Continental Resources of Illinois

Stephen H. Rowley, Carl K. Steffensen, James A. Drahovzal, Louis E. Schultz, Glenn W. Bear, and Steven Bergman


     The English Basin is interpreted as a Meso- and Neoproterozoic-aged depocenter, developed beneath Paleozoic strata in Kentucky and Indiana. The Louisville Uplift defines the eastern basin margin, interpreted as a western vergent foreland-style basement thrust exhibiting 8 km of vertical uplift.

     Seismic data reveals a complex depocenter with a depth to crystalline basement exceeding 6100 m.  Seismic reflectors traced over a large lateral area depict a layered Proterozoic sequence.  Potential field data tied to regional seismic data allows interpretation of basinal geometry.

     A thrust-fault system developed in the lowermost Centralia Group is named the Hoosier Thrust Belt.  Above an angular unconformity truncating Centralia strata, the interpreted volcanic and volcaniclastic sediments of the Wyandot Formation (proposed) are deformed by the 600mya foreland thrust.
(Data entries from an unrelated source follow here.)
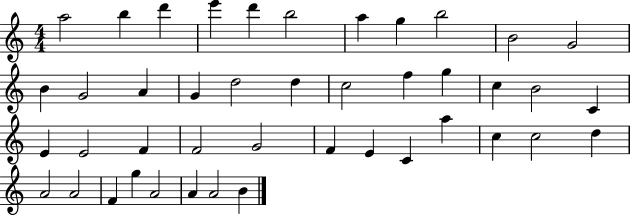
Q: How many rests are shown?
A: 0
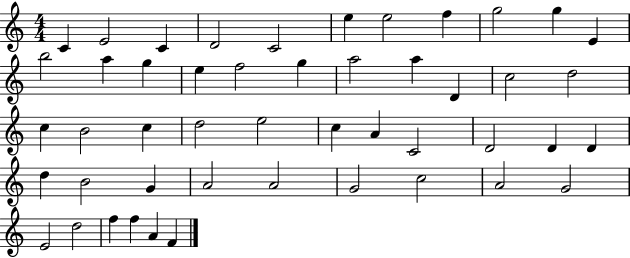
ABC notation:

X:1
T:Untitled
M:4/4
L:1/4
K:C
C E2 C D2 C2 e e2 f g2 g E b2 a g e f2 g a2 a D c2 d2 c B2 c d2 e2 c A C2 D2 D D d B2 G A2 A2 G2 c2 A2 G2 E2 d2 f f A F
The Neoproterozoic-aged Marengo Formation is interpreted as foreland basin fill.

     Subsequent tectonism during the Middle Cambrian resulted in rift style sedimentation within the English Basin. Remobilization tectonism is evident during the Taconic, Acadian and Alleghenian Events, and possibly the Jurassic/Triassic break-up of the Pangean supercontinent.
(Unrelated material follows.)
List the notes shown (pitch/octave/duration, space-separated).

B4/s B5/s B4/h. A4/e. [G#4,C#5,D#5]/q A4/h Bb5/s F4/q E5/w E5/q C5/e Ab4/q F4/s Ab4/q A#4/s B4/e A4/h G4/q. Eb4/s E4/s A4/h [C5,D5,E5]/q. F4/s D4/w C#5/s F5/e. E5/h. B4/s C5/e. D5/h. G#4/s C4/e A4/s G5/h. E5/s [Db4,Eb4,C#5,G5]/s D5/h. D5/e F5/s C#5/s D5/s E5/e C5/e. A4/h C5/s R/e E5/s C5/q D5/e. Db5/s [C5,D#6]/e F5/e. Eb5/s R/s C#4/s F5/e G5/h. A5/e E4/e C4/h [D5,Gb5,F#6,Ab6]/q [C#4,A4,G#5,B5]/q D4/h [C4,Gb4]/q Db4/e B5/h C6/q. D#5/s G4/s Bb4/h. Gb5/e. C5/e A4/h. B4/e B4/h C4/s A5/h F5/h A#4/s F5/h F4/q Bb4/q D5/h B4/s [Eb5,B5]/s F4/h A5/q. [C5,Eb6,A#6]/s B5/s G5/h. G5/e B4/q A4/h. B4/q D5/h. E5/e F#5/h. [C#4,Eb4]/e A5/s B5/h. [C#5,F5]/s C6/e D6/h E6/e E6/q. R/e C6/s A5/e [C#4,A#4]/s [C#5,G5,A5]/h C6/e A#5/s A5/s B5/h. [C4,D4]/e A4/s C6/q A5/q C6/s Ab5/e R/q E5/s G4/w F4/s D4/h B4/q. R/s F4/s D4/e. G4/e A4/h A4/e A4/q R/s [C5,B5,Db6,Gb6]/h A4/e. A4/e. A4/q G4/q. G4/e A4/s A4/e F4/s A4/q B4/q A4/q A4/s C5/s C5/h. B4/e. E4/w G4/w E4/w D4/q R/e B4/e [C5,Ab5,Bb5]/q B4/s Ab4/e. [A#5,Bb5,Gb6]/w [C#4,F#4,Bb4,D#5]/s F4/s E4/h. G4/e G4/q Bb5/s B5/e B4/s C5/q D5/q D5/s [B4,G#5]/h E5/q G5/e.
     Significant large-scale structures may provide excellent potential for hydrocarbon exploration. The margins of the Louisville Uplift are expressed in Paleozoic strata by shallow fault systems. The remobilization of the faults controlled the development of hydrocarbon fields along the margins of the basin. Other trap types include far-field thrusting, forced folds, wrench faults, extensional fault blocks, and stratigraphic traps.